Dear support,
I would like to render a searchable layer over an already existing PDF document. I got acquainted thoroughly with your tutorial regarding usage of Tesseract OCR for text extraction from an image. What blocks me from successfully executing the example attached to issue PDFNEWJAVA-33678 is an error that I get from Aspose:
tesseract src/main/resources/test-files/test.jpg src/main/resources/test-files/out hocr
Exception in thread “main” class com.aspose.pdf.internal.ms.System.z75: Unknown char: ;
com.aspose.pdf.internal.p584.z6.m1(Unknown Source)
com.aspose.pdf.internal.p584.z6.m1(Unknown Source)
com.aspose.pdf.internal.p584.z6.m1(Unknown Source)
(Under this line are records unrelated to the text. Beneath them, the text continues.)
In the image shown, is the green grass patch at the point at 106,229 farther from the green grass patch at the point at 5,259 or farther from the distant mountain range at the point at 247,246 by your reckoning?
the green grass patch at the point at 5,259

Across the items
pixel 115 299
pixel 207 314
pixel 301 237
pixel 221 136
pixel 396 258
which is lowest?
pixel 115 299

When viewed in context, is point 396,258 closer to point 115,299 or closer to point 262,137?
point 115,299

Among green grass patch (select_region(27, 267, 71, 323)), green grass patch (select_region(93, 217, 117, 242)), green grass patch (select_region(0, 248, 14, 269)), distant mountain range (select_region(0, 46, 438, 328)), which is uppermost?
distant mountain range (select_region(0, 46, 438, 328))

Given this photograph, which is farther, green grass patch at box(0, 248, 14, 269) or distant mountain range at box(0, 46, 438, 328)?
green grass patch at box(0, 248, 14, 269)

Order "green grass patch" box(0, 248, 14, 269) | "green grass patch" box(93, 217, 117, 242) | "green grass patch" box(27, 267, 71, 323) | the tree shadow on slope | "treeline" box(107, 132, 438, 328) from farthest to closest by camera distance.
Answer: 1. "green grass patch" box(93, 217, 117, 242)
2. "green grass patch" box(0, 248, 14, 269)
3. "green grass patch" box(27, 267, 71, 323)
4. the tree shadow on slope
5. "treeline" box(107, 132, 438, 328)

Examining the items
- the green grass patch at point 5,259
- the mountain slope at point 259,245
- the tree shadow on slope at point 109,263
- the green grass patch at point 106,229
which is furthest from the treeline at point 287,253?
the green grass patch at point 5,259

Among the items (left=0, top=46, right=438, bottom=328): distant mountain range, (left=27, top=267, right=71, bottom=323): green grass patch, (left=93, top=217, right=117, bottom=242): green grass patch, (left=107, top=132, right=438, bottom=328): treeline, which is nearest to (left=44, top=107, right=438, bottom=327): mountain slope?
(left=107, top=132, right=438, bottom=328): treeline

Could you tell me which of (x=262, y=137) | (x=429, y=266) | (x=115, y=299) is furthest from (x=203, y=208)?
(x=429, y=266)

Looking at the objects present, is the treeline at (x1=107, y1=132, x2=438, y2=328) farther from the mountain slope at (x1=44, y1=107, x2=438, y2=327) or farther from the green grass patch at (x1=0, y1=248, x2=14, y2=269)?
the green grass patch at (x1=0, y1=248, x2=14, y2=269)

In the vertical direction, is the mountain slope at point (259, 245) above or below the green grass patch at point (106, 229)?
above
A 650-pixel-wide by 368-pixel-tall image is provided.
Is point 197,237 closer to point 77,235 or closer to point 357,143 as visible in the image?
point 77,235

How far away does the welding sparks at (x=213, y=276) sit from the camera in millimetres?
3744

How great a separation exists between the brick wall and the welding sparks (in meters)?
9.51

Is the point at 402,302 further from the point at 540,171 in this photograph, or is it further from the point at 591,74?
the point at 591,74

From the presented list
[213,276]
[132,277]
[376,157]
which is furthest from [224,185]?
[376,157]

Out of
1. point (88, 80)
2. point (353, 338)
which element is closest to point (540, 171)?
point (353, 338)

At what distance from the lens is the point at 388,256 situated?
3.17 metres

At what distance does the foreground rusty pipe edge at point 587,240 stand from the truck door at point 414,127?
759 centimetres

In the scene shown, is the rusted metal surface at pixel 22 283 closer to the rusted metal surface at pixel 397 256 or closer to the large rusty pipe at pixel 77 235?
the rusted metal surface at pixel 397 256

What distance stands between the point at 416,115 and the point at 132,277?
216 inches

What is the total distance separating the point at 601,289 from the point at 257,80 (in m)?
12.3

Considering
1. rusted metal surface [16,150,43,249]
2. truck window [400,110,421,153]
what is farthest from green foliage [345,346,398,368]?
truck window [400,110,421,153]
com.aspose.pdf.internal.ms.System.z61.m1(Unknown Source)
com.aspose.pdf.internal.ms.System.z43.m12(Unknown Source)
com.aspose.pdf.internal.p88.z5.m1(Unknown Source)
com.aspose.pdf.internal.p88.z5.m1(Unknown Source)
com.aspose.pdf.internal.p88.z5.m1(Unknown Source)
com.aspose.pdf.ADocument.convert(Unknown Source)
com.aspose.pdf.Document.convert(Unknown Source)
ch.mimacom.zurich.AsposePDFScanner.scanText(AsposePDFScanner.java:80)
ch.mimacom.zurich.Starter.main(Starter.java:10)
sun.reflect.NativeMethodAccessorImpl.invoke0(Native Method)
sun.reflect.NativeMethodAccessorImpl.invoke(NativeMethodAccessorImpl.java:62)
sun.reflect.DelegatingMethodAccessorImpl.invoke(DelegatingMethodAccessorImpl.java:43)
java.lang.reflect.Method.invoke(Method.java:497)
com.intellij.rt.execution.application.AppMain.main(AppMain.java:144)
And an excerpt from generated html by Tesseract:
<?xml version="1.0" encoding="UTF-8"?>
<!DOCTYPE html PUBLIC "-//W3C//DTD XHTML 1.0 Transitional//EN"
Roland und Stephan Aebi, p.Adr. Aspa AG, Amerbachslrasse 72, 4007 Basel
I am using Tesseract 3.04 & Aspose PDF 10.9.0. I am evaluating available OCR tools for my company for purchase, so any help with this is greatly appreciated.